Now that our model is loaded in 4-bit precision, we want to prepare it for parameter-efficient fine-tuning with LoRA adapters. LoRA has three important parameters:

Rank (r): Rank determines LoRA matrix size. Rank typically starts at 8 but can go up to 256. Higher ranks can store more information but increase the computational and memory cost of LoRA. We set it to 16 here.
Alpha (α): It is a scaling factor for updates. Alpha directly impacts the adapters' contribution and is often set to 1 or 2 times the rank value.
Target modules: LoRA can be applied to various model components, including attention mechanisms (Q, K, V matrices), output projections, feed-forward blocks, and linear output layers. However, adapting more modules increases the number of trainable parameters and memory needs.

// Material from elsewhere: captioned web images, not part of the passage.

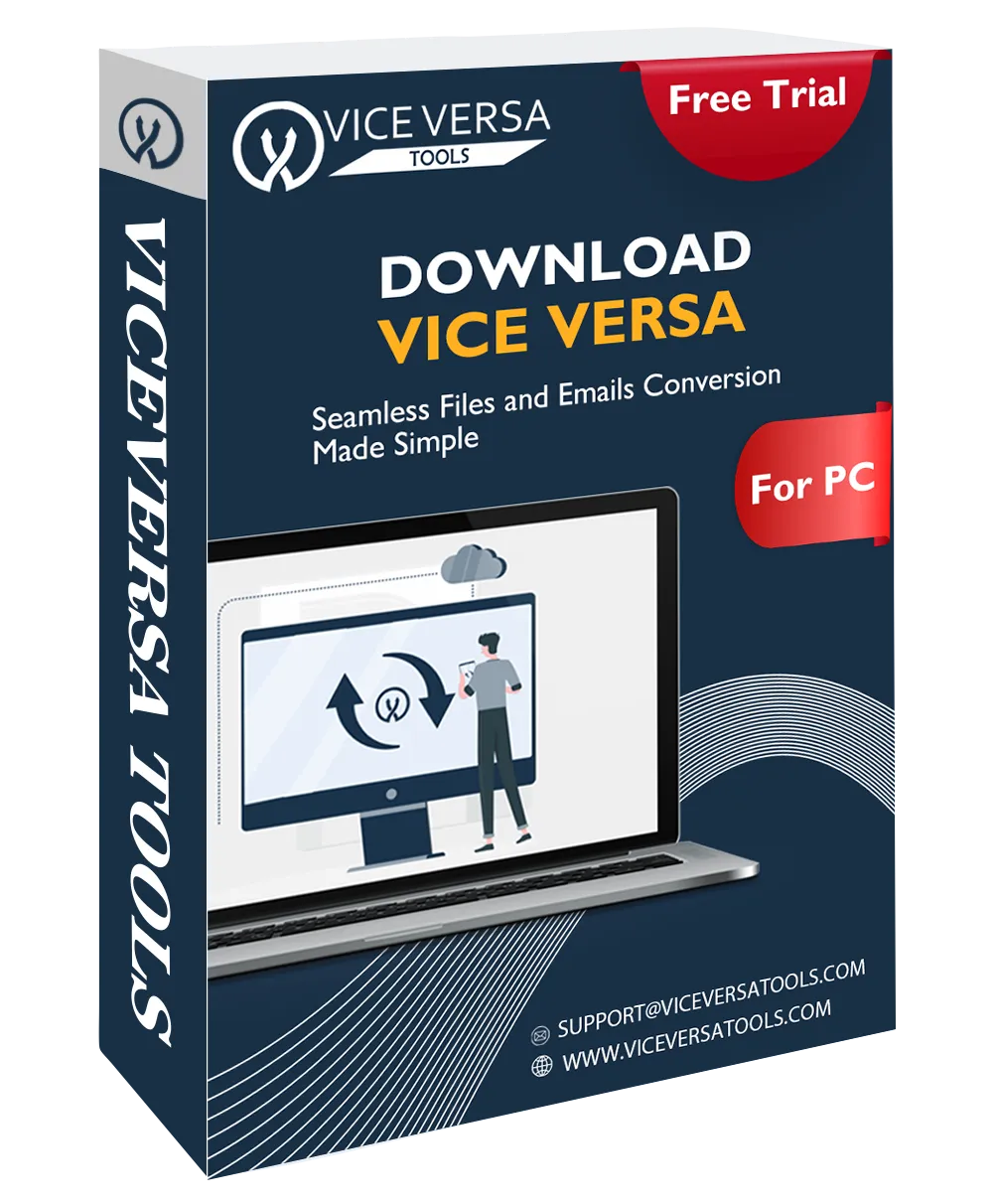 Reliable IMAP Email Protection with Backup Option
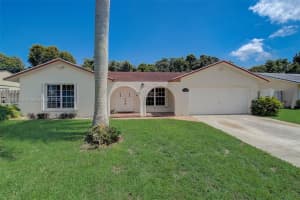 Rose Marie Ave S, Florida 33472, Sold 08/28/23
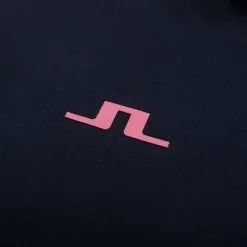 J.Lindeberg Kendall Golf Dress 2022 Women -Golf Clubs SHOP ann2842 jl navy 4 02529.1649400672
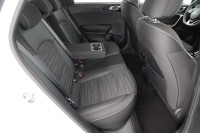 Kia cee'd Sporty Wagon Ceed SW GT-Line 1.5 T-GDI Aut.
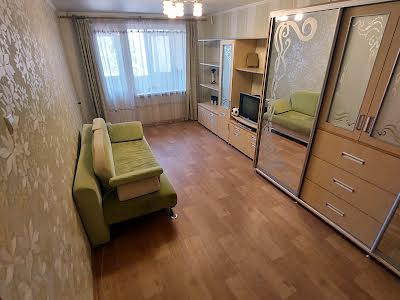 квартира за адресою Миколаїв, Космонавтів вул., 146б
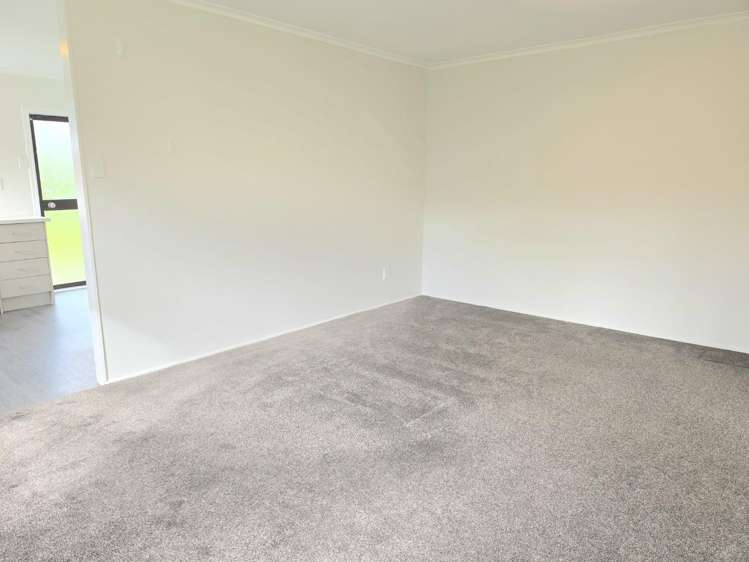 2/16B Maclean Street 1370_4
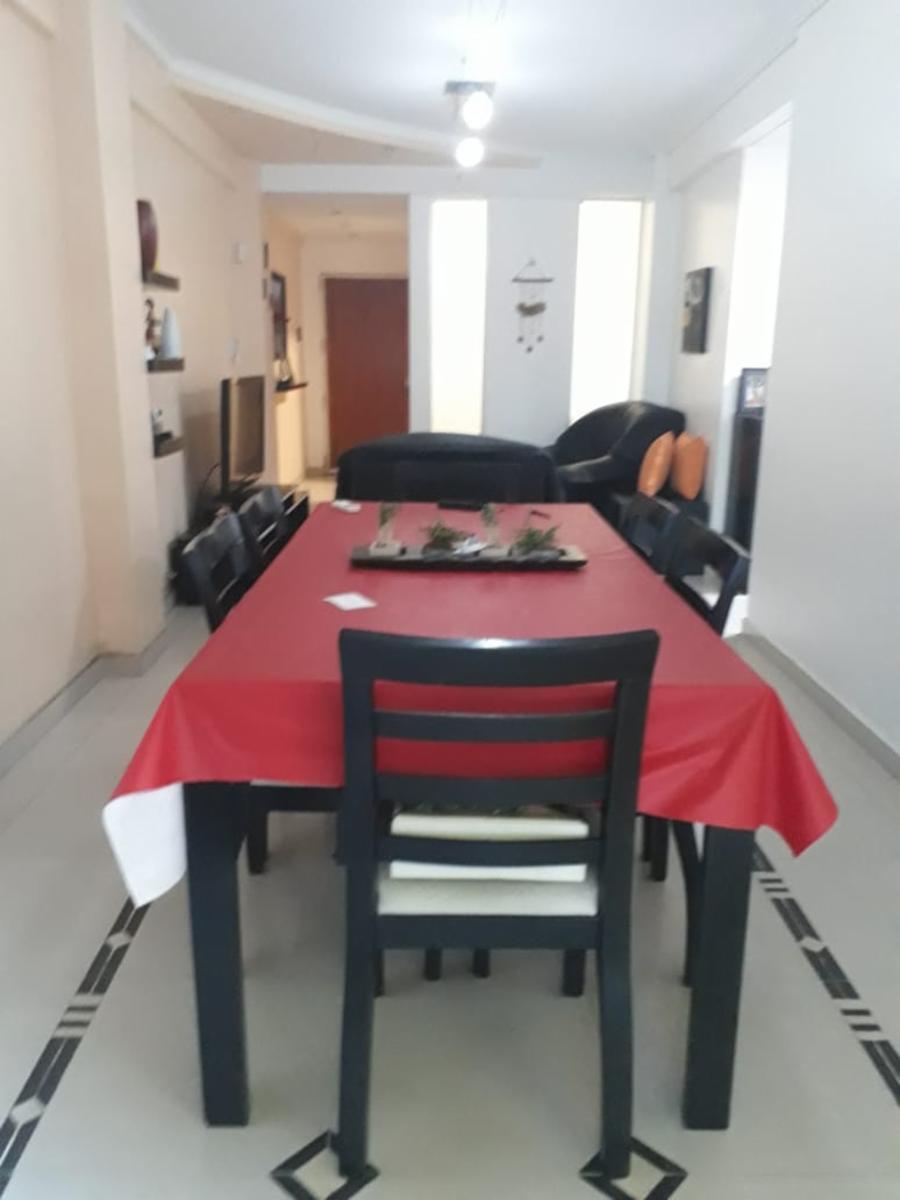 COSSIO 6000 · Villa Luro — foto 9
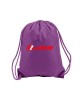 Drawstring Backpack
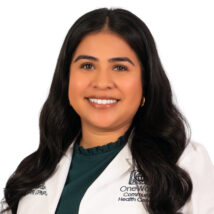 Pediatric Nurse Practitioner, Jiosajandy 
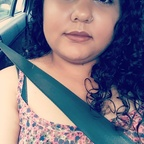 jessa-sweet (Jessa) OnlyFans Leaked Pictures and Videos 

 profile picture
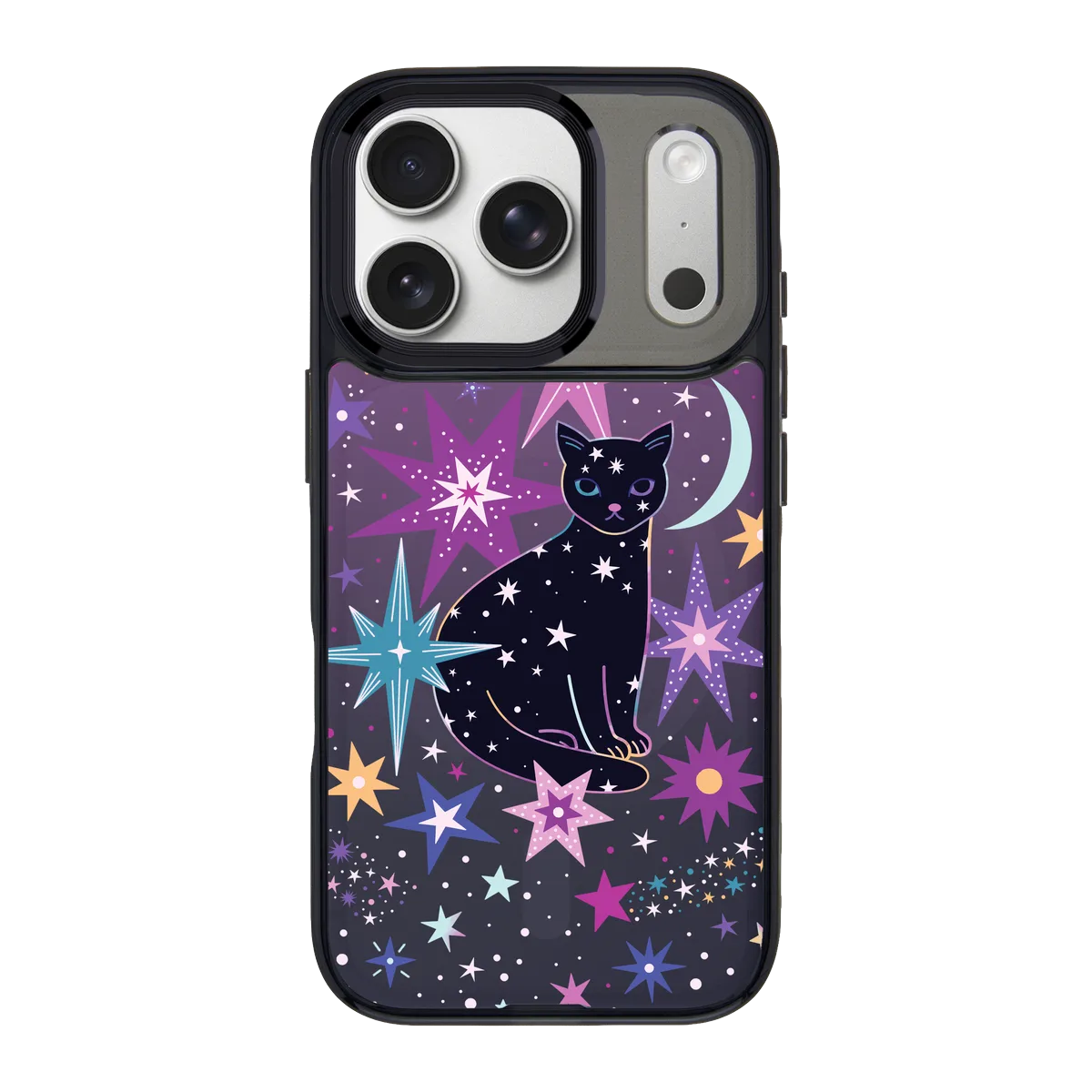 5564-iphone-17-pro-goldensnap-case-magsafe-compatible-transparent-black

Here, we set r=16, α=16, and target every linear module to maximize quality. We don't use dropout and biases for faster training.

model = FastLanguageModel.get_peft_model(
   model,
   r = 16, # Choose any number undefined 0 ! Suggested 8, 16, 32, 64, 128
   target_modules = ["q_proj", "k_proj", "v_proj", "o_proj",
                     "gate_proj", "up_proj", "down_proj",],
   lora_alpha = 16,
   lora_dropout = 0, # Supports any, but = 0 is optimized
   bias = "none",    # Supports any, but = "none" is optimized
   # [NEW] "unsloth" uses 30% less VRAM, fits 2x larger batch sizes!
   use_gradient_checkpointing = "unsloth", # True or "unsloth" for very long context
   random_state = 3407,
   use_rslora = False,  # We support rank stabilized LoRA
   loftq_config = None, # And LoftQ
)

Step 3: Preparing the Dataset

We now use the Alpaca dataset from yahma, which is a filtered version of 52K of the original Alpaca dataset. You can replace this code section with your own data prep.

To train only on completions (ignoring the user's input) read TRL's docs.
Remember to add the EOS_TOKEN to the tokenized output!! Otherwise, you'll get infinite generations!

alpaca_prompt = """Below is an instruction that describes a task, paired with an input that provides further context. Write a response that appropriately completes the request.
### Instruction:
{}
### Input:
{}
### Response:
{}"""

EOS_TOKEN = tokenizer.eos_token # Must add EOS_TOKEN
def formatting_prompts_func(examples):
   instructions = examples["instruction"]
   inputs = examples["input"]
   outputs = examples["output"]
   texts = []
   for instruction, input, output in zip(instructions, inputs, outputs):
       # Must add EOS_TOKEN, otherwise your generation will go on forever!
       text = alpaca_prompt.format(instruction, input, output) + EOS_TOKEN
       texts.append(text)
   return { "text" : texts, }
pass

from datasets import load_dataset
dataset = load_dataset("yahma/alpaca-cleaned,"  split = "train")
dataset = dataset.map(formatting_prompts_func, batched = True,)

Step 4: Supervised Fine-Tuning Process

Now let's use Huggingface TRL's SFTTrainer! We do 60 steps to speed things up, but you can set num_train_epochs=1 for a full run, and turn off max_steps=None. We also support TRL's DPOTrainer!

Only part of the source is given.